I am writing in response to the letters written about Caitlyn Brady. I am her aunt and am proud to identify myself as such. I came for a Thanksgiving visit and was shocked and saddened to see that the Silva/Palmer families are still blaming the Bradys for Dante Silva's predicament. Silva was a heroin user. He overdosed on a previous occasion and his friend saved him. He did not die. Heroin overdoses happen very quickly and are immediately apparent to those present. Silva bought drugs from his dealer.

He injected drugs into Caitlyn's arm, probably giving her an amount that he usually injected into himself but since she was not a heroin user it was too much for her. She immediately overdosed. He left her to die. She laid dying for hours in his room. He could have saved her. He chose not to. He has to live with his decisions, just as Caitlyn died because of his decisions. Caitlyn did not have to die. Period.

The family and friends of Silva had an opportunity to say something positive about Dante Silva at his sentencing hearing. We waited to hear something positive. No one said anything positive. We waited for Dante to express remorse or sadness for losing the person he supposedly cared so deeply about. He stayed silent. The family instead chose to bash Caitlyn and the Brady family. Why? They still continue to do so. It is time to stop and let Caitlyn rest in peace. If there was an injustice in the case, the courts will deal with it. Perhaps the Silva family should start nurturing what is positive in Dante instead of blaming the Brady family for his predicament because one day he will get out of jail, and he will once again have to make choices in life.

Elaine Pourinski

North Hampton

To the Editor:

Thank you for printing the announcement of the December 2, 2007 Presidential Town Hall Meeting on Addiction to be held at Timberlane Regional High School’s Fine Arts Center.

This past September, the annual National Recovery Month theme was Join the Voices for Recovery: Saving Lives, Saving Dollars and focused on the financial and human costs substance use disorders have on individuals, their families and the community. Alcohol and other drug use and addiction have taken an enormous toll on the health and wellbeing of too many of our local Rockingham County citizens, most particularly our youth. Families and the community are all impacted when just one person is dependent on alcohol and/or other drugs.

The good news is that treatment is cost efficient and works to get people back on track as healthy, contributing members of our society. But treatment (and prevention/ intervention/ and recovery support) services need to be available, accessible, and affordable.
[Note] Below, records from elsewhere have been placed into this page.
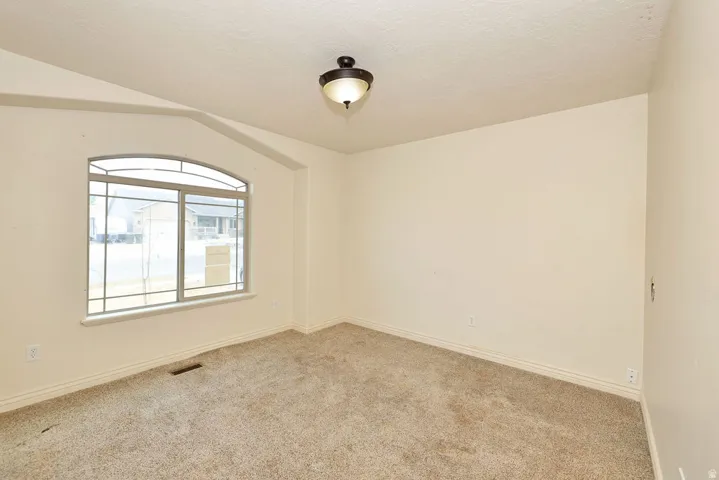 Arched window with decorative grilles, carpet flooring, a flush-mount ceiling light fixture, and neutral wall tones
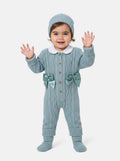 Baby Girl Gabriela Collection All-In-One Knitted 3-Piece Set + Bows - Mint Green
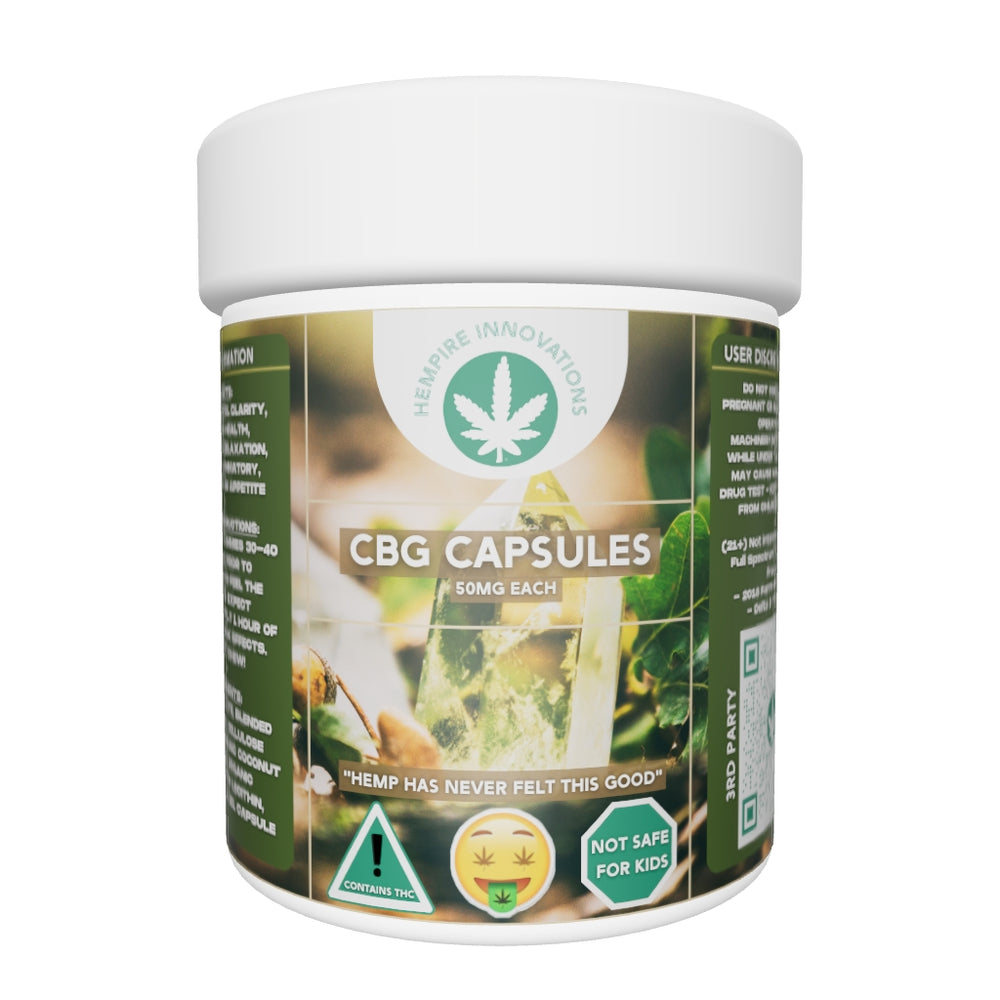 Bottle of 50mg Full Spectrum CBG Capsules for overall well-being and recovery.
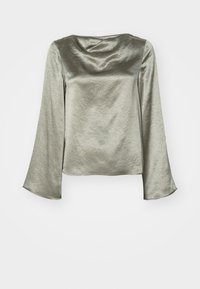 Long-sleeve, crew neck top in metallic olive green, featuring a crinkled texture and flared sleeves. Back closure detail visible.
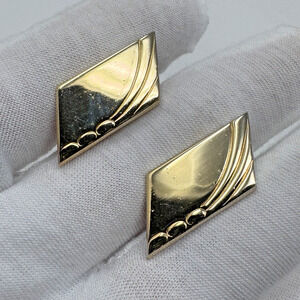 Vintage FOSTER Gold Tone Cufflinks Geometric Art Deco Style 28mm Pair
In 2006, 111,000 New Hampshire residents needed but did not receive treatment for alcohol and drug problems. And in state-by-state rankings by the US Department of Health and Human Services, NH girls ranked 1st and NH boys ranked 2nd in lifetime marijuana use.

Recovery from substance use disorders can be achieved and leads to meaningful, healthy lives. We all need to understand the financial and human benefits that recovery from substance use disorders can have. And it is critical to educate our community members about effective responses to addiction that prevent and treat problems and support people in long-term recovery.